• _Excerpted records_
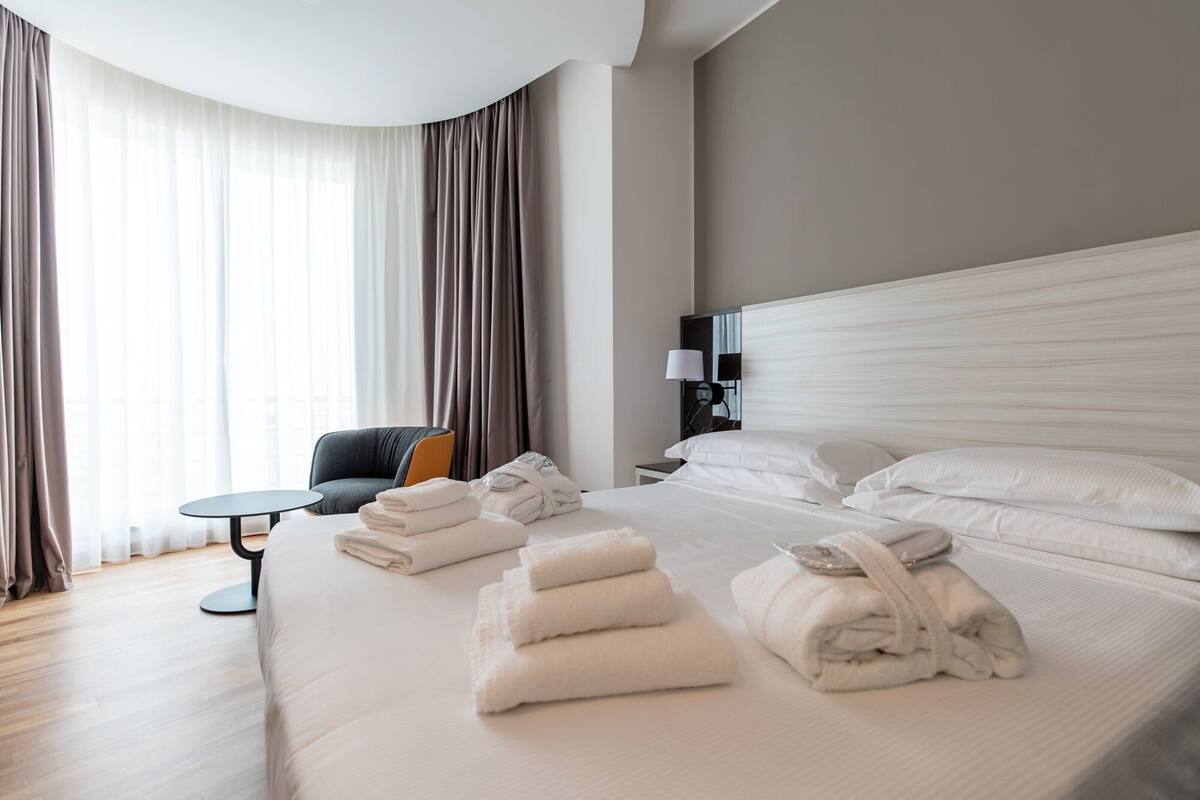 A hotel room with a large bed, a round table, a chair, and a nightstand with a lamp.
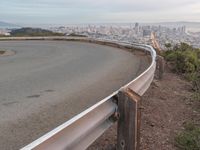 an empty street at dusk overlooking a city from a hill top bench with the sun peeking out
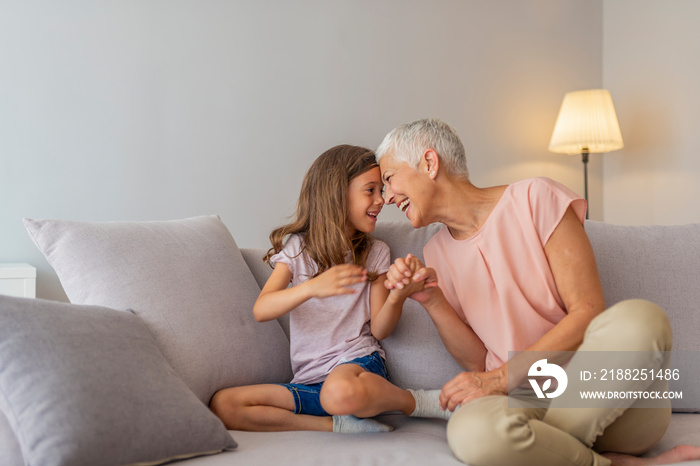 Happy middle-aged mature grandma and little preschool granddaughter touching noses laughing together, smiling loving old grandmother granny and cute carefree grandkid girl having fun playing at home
* * *
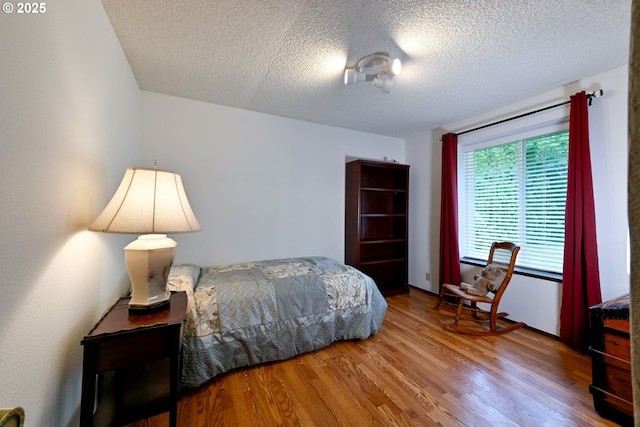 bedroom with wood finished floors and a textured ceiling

• _How to complete this task_
The answer is the lines of the material above, from the one containing "an empty street" down to the one containing "Happy middle-aged mature", given exactly and without images.

• _Response_
 an empty street at dusk overlooking a city from a hill top bench with the sun peeking out
 Happy middle-aged mature grandma and little preschool granddaughter touching noses laughing together, smiling loving old grandmother granny and cute carefree grandkid girl having fun playing at home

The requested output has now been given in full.